• **PROBLEM STATEMENT**:
Starting at the line containing "For Sony Xperia" and ending at the line containing "Brosky Basic Stalowa", print every line of the material below exactly, both ends included, and stop there.

• **INPUT FOR THIS TASK**:
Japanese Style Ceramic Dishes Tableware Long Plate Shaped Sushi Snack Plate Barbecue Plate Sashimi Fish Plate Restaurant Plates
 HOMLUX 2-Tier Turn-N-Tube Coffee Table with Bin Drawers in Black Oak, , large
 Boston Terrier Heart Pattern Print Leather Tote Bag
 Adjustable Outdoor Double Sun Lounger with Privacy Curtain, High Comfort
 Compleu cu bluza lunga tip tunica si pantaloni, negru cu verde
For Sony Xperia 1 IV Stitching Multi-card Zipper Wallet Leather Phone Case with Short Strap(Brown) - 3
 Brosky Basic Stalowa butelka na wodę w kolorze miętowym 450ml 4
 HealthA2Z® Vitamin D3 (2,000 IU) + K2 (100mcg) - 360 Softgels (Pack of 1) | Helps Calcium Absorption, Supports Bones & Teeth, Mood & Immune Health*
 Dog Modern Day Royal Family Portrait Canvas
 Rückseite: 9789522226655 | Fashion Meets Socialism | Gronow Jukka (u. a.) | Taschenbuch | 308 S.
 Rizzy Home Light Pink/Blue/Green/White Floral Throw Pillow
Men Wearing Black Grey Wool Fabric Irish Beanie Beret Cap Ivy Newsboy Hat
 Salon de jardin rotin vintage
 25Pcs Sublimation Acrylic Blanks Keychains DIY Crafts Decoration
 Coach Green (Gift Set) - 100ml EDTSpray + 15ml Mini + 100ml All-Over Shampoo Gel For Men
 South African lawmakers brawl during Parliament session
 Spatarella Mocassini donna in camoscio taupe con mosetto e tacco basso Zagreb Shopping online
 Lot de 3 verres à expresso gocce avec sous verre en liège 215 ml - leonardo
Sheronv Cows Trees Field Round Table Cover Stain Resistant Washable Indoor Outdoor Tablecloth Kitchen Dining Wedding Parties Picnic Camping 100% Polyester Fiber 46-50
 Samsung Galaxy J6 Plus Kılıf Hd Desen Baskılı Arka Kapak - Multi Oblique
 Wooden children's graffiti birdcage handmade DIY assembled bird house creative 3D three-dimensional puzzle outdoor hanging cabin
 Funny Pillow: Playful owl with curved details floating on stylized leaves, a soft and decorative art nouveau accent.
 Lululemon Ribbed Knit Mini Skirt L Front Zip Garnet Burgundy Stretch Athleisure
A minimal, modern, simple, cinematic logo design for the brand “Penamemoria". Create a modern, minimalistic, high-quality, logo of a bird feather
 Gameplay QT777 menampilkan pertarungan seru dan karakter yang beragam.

• **WRITTEN SOLUTION**:
For Sony Xperia 1 IV Stitching Multi-card Zipper Wallet Leather Phone Case with Short Strap(Brown) - 3
 Brosky Basic Stalowa butelka na wodę w kolorze miętowym 450ml 4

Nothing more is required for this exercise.